TASK GOAL: After locating the line with "thumbnail image 1" below, output it and each following line exactly, stopping after the line with "Sportplatz Ulmenweg - Merseburg/Saale". No pictures.

SUPPLIED MATERIAL:
==============================

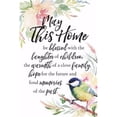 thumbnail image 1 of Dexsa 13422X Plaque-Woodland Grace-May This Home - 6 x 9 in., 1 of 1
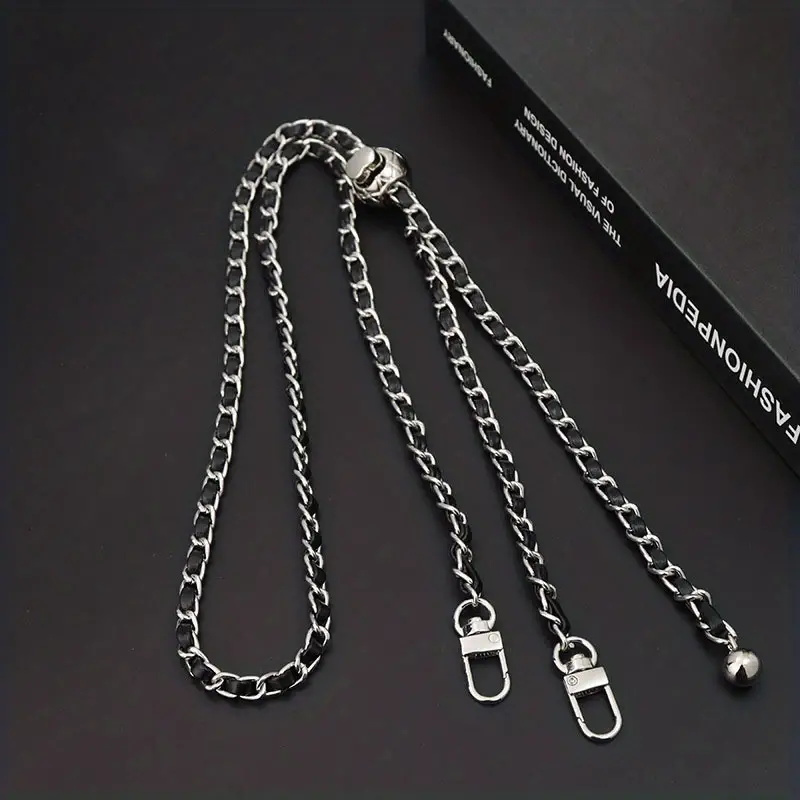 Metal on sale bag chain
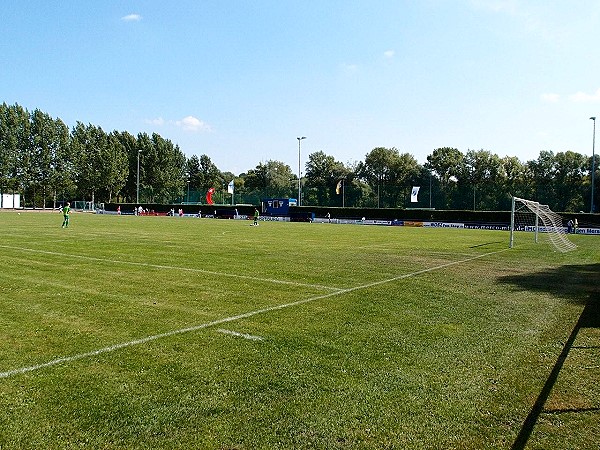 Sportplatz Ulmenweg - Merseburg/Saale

==============================

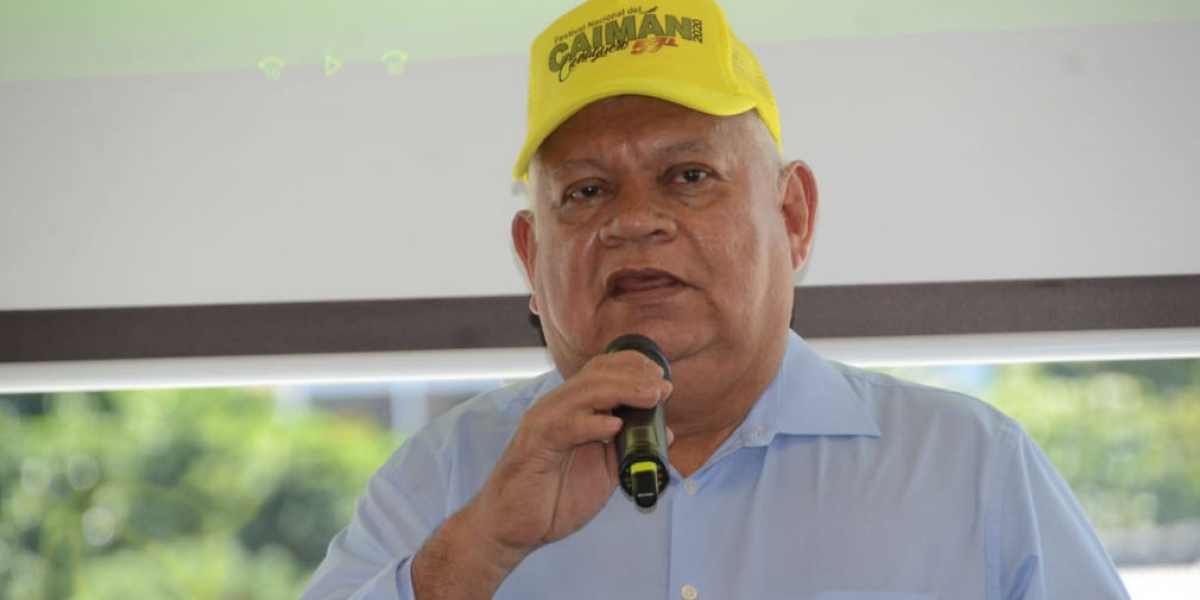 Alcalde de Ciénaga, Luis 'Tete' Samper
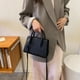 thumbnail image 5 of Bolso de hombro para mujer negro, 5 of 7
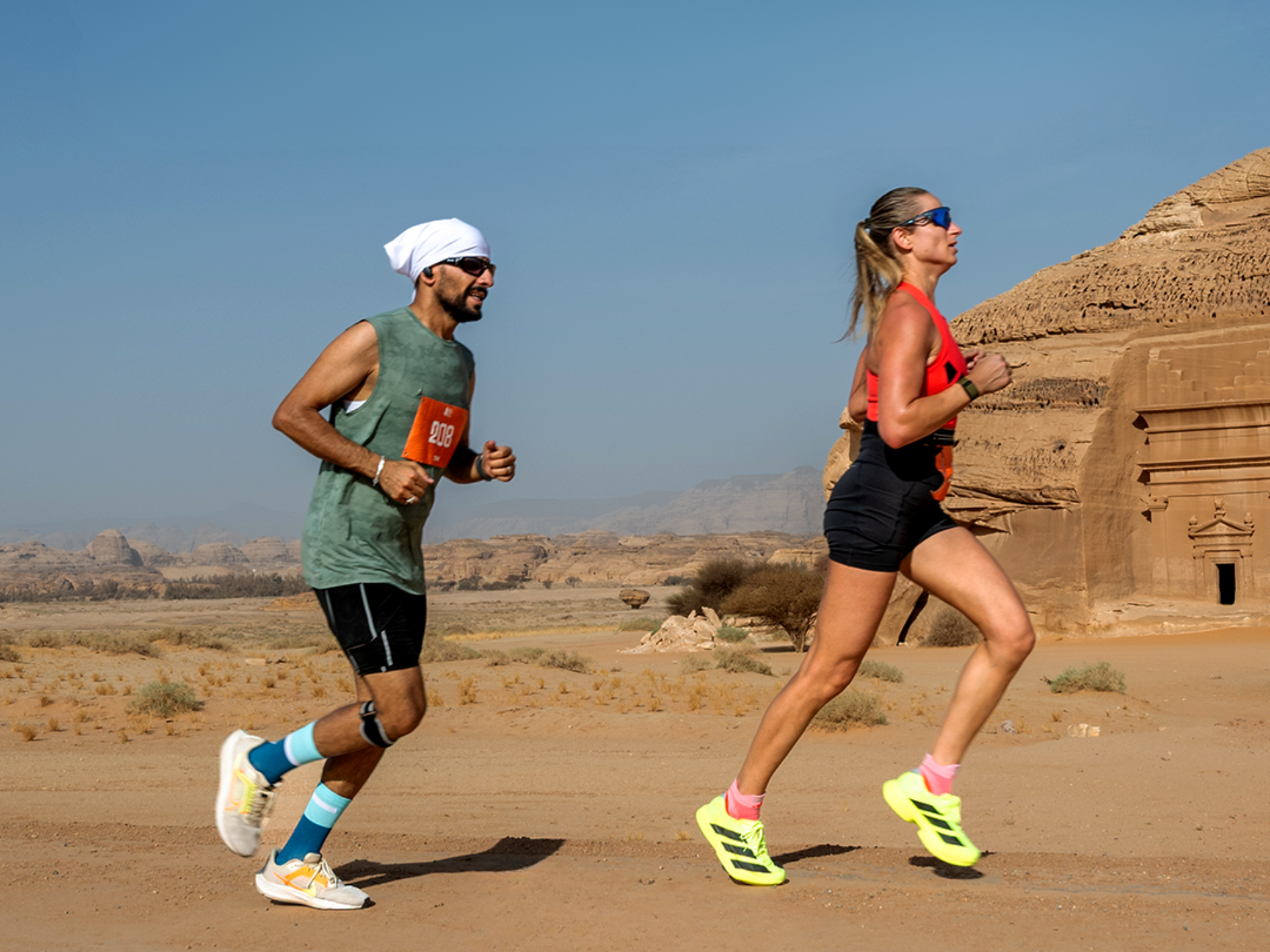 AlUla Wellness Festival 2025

==============================

SOLUTION FOR THIS TASK:
 thumbnail image 1 of Dexsa 13422X Plaque-Woodland Grace-May This Home - 6 x 9 in., 1 of 1
 Metal on sale bag chain
 Sportplatz Ulmenweg - Merseburg/Saale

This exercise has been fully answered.